Bir bayramı daha geride bıraktık, bayram günlerinde bayram yazısı yazmak, kalem erbabı için gelenek haline g...
Bir bayramı daha geride bıraktık, bayram günlerinde bayram yazısı yazmak, kalem erbabı için gelenek haline gelmiş, bayram yazısı yazmayacağım, umuyorum herkes güzel bir bayram geçirmiştir, bayram önü ilgimi çeken bir konudan bahsetmek istiyorum.
07 Kasım 2021tarihinde İran da tavuk yüklü bir Türk tırı kaza yapıp devrildi, yoldan geçen sürücüler araçlarını durdurup tırdaki tavuk kolilerini yağmaladılar, bu insanlık dışı ve utanılacak olay yoldan geçen bir araçtan kayda alındı ve haber kanallarında yayınlandı. O zaman böyle olayların bizim ülkemizde olmayacağını söylediğimi hatırlıyorum.
Yanılmam fazla uzun sürmedi.
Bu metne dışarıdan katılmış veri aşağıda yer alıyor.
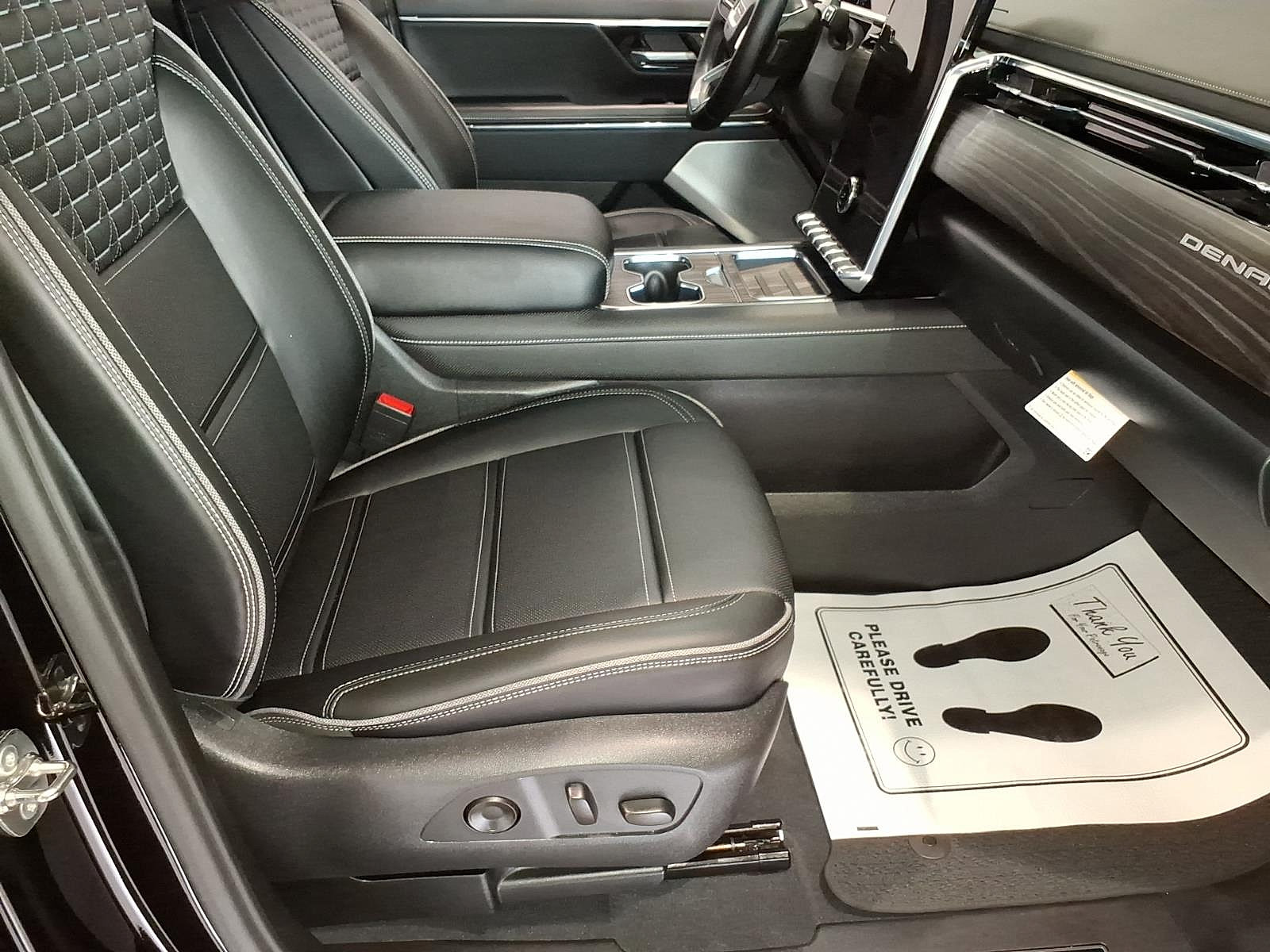 New 2025 GMC Sierra EV Denali AWD/4WD image 8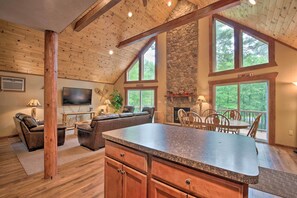 Interior - 2 Mi to Lake Harmony: Gem w/ Game Room & Deck (Lake Harmony)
Bayramdan üç gün önce Şanlıurfa’nın Ceylanpınar ilçesinde bir tır devrildi. Buraya kadar her şey normal, kazadır olur, cana geleceğine mala gelsin denilebilir. Haberi hatırlatmak için aktaralım efendim; Kısa sürede olay yerine çok sayıda araç ile vatandaş geldi. Vatandaşlar jandarma ekipleri gelmeden önce yerdeki şeker ve çikolataları toplamak için adeta birbirleriyle yarıştı. Cep telefonu kamerasına yansıyan görüntülerde büyük, küçük demeden herkesin şeker ve çikolataları yağmaladığı gözlendi. Arazideki şeker ve çikolataları toplayan vatandaşlar, araçlarının içerisini doldurup evlerine götürdü. Tır içerisinde sıkışan sürücüye yardım etmek yerine malzemelerin yağmalanması tepkilere neden oldu. Olayla ilgili soruşturma devam ediyor.
Bu olay için bazıları ne olacak o tır zaten sigortalıdır firmanın bir kaybı olmaz, parasını her şekilde alır, vatandaşa şeker bayramı erken geldi herkes şeker çikolata yesin diyebilir. Elbette bu da farklı bir bakış açısı fakat ‘’İnsanlık öldü mü?’’ dedirten bu olayda tır şoförü sıkıştığı yerde canı ile uğraşırken onu kurtarmayı düşünmeden şekerleme ve çikolataları yağmalamak yurdum insanına hiç yakıştıramadığım bir davranış oldu. Biz ne zaman böyle duyarsız maddiyatçı ve bencil olduk inanması çok zor. Oysa biz Türkler yardım severliğimizle, insana verdiğimiz değerlerle tanınırız. İnsanoğlunun genlerinde olan bu davranış biçimi YAĞMALAMA elbette sadece bize veya orta doğu halklarına mahsus bir şey değil. Gelişmiş ülkelerde biraz daha az görüldüğü bir gerçek, sebebi de gelir dağılımın oralarda daha adaletli olması, muhtaç insan sayısının son derece az olması, eğitim seviyesinin yüksek olması ve sosyal devlet anlayışının hâkim olması diye özetleyebiliriz. Bu tür olaylar genelde toplumsal bir felaket anında, otoriter bir boşluk olduğunda ortaya çıkar, deprem, savaş vb. durumlarda yağma olayları çok görülür.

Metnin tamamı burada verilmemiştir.